== Records provided ==

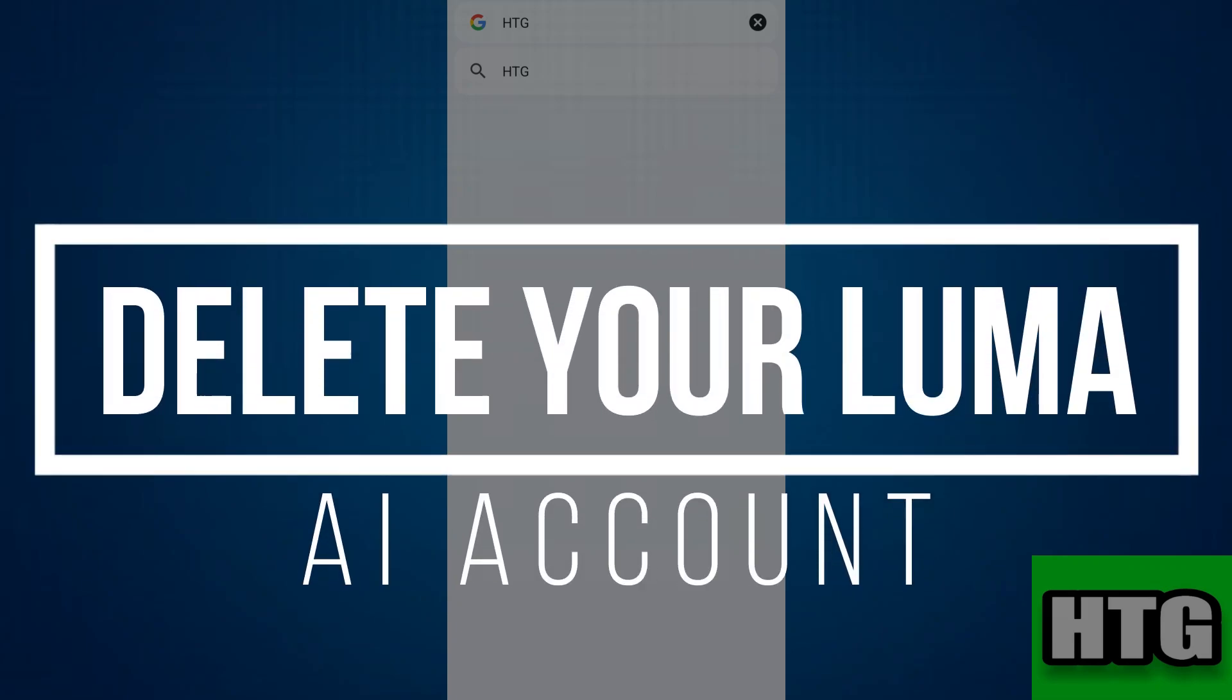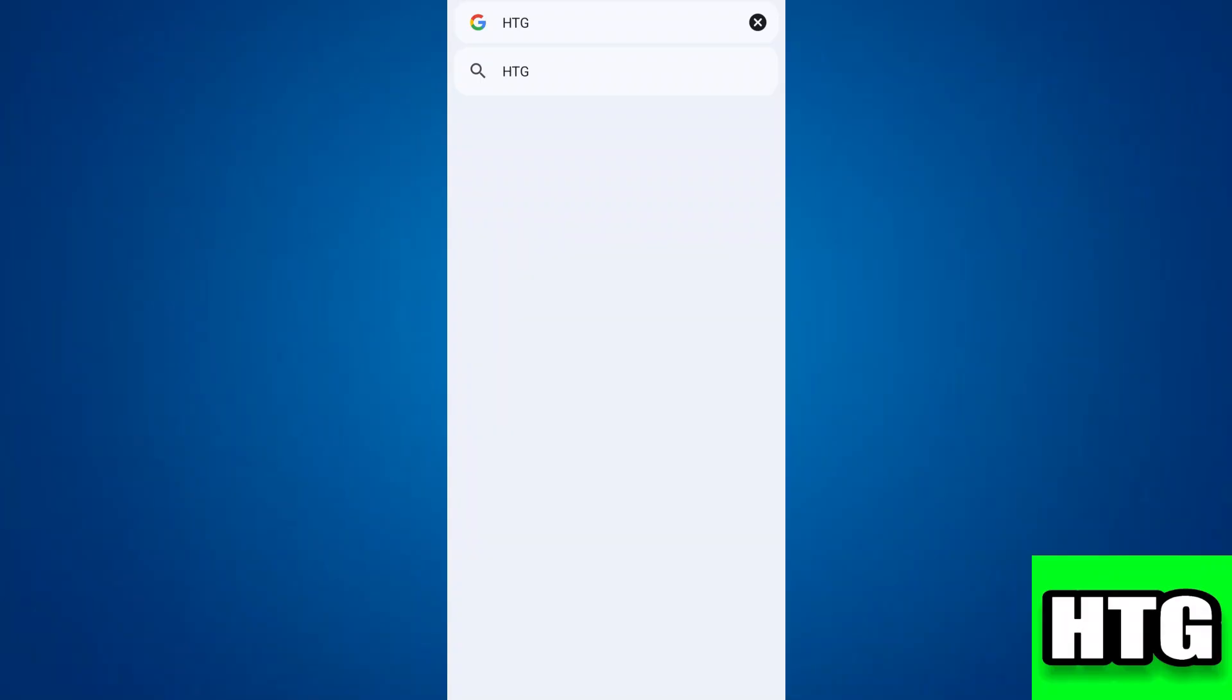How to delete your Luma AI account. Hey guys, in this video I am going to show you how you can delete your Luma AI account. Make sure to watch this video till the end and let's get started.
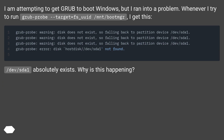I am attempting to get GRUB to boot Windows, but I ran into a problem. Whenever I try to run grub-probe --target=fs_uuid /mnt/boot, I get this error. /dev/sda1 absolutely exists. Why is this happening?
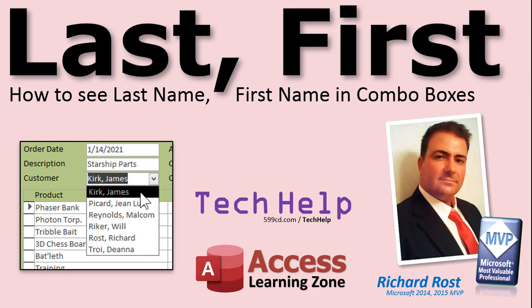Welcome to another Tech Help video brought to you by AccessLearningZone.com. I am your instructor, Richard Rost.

===
== Records provided ==

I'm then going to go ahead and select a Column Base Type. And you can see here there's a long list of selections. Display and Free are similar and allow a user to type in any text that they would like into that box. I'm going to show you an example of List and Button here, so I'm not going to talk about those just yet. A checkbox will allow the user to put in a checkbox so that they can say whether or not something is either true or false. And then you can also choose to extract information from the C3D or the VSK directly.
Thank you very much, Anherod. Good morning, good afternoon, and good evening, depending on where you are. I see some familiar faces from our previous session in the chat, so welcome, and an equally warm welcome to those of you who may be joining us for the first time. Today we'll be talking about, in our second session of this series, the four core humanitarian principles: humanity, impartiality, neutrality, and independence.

===

» **Exercise directions**
Take the material above from the line containing "How to delete" up to and including the line containing "Welcome to another" and retype it exactly, without any pictures.

» **Exercise result**
How to delete your Luma AI account. Hey guys, in this video I am going to show you how you can delete your Luma AI account. Make sure to watch this video till the end and let's get started.
I am attempting to get GRUB to boot Windows, but I ran into a problem. Whenever I try to run grub-probe --target=fs_uuid /mnt/boot, I get this error. /dev/sda1 absolutely exists. Why is this happening?
Welcome to another Tech Help video brought to you by AccessLearningZone.com. I am your instructor, Richard Rost.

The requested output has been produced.